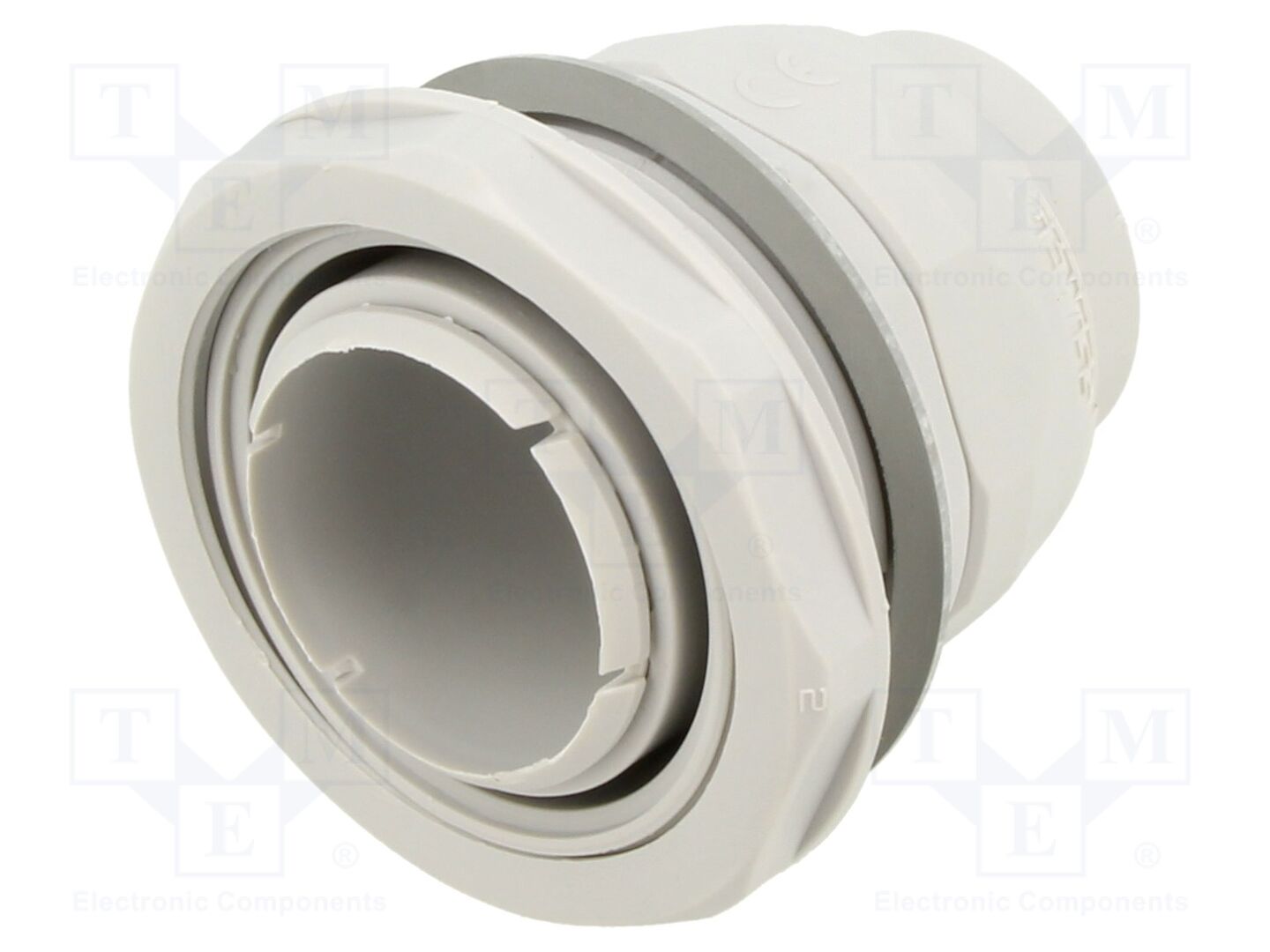 GEWISS DX54432 Liitoslaite PG36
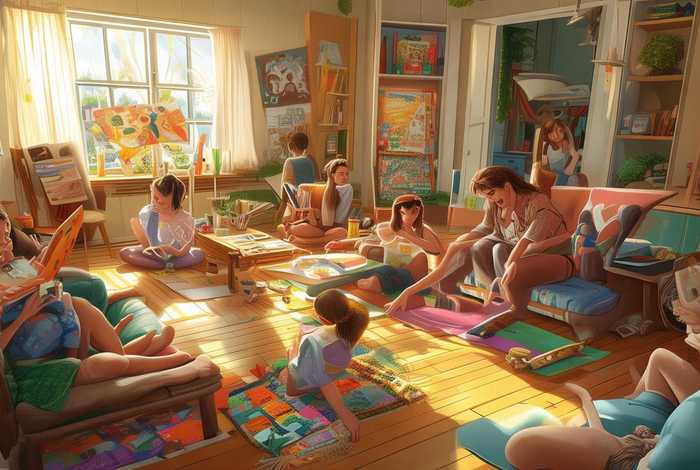 什么是业余生活计划;什么是业余生活计划的内容 什么是业余生活计划;什么是业余生活计划的内容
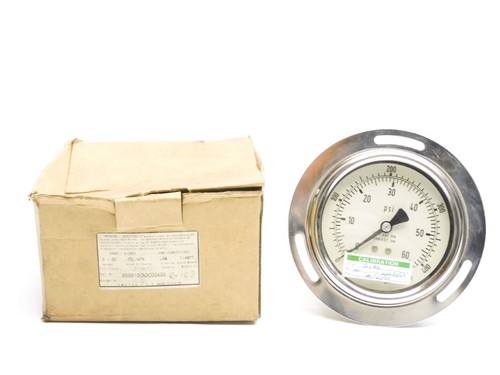 Usg ametek 656610cn3cd3a00 - ametek,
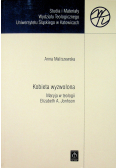 Kobieta wyzwolona
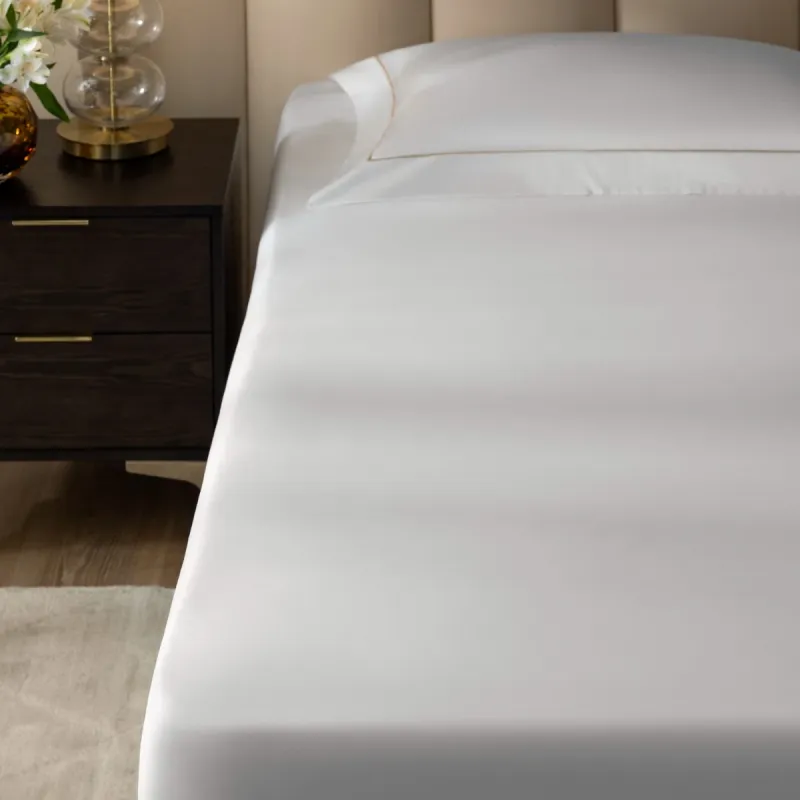 Bed linen set Rhapsody
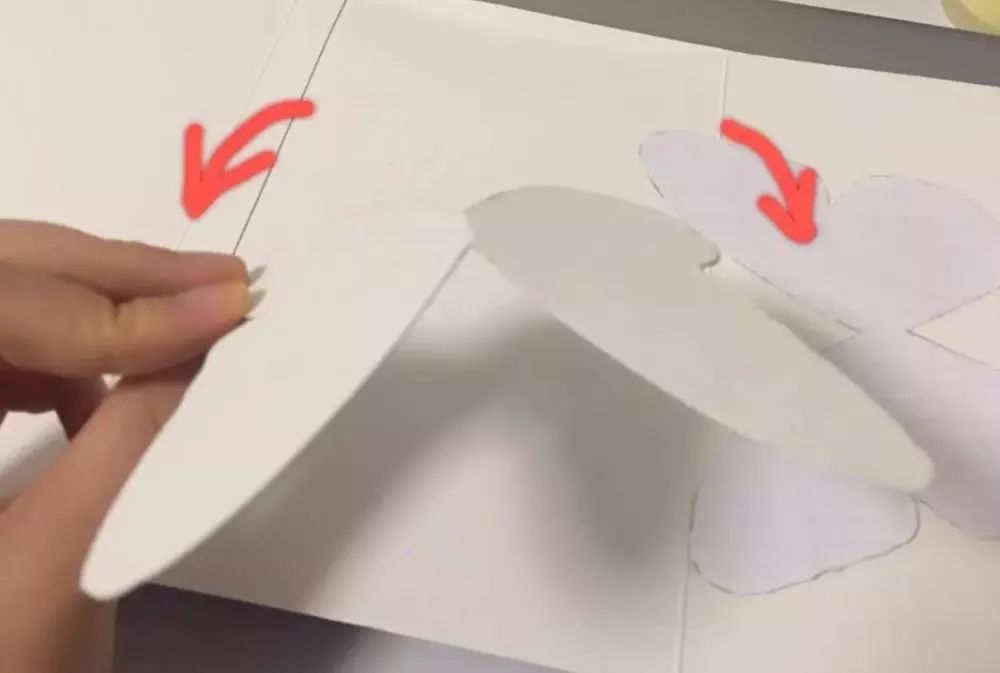 4个超有趣的小实验在家就能做,在家无聊做有趣的小实验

◆ ◆ ◆ ◆ ◆ ◆ ◆

Problem –
Please print every record above exactly, but leave the pictures out.

Written solution –
 GEWISS DX54432 Liitoslaite PG36
 什么是业余生活计划;什么是业余生活计划的内容 什么是业余生活计划;什么是业余生活计划的内容
 Usg ametek 656610cn3cd3a00 - ametek,
 Kobieta wyzwolona
 Bed linen set Rhapsody
 4个超有趣的小实验在家就能做,在家无聊做有趣的小实验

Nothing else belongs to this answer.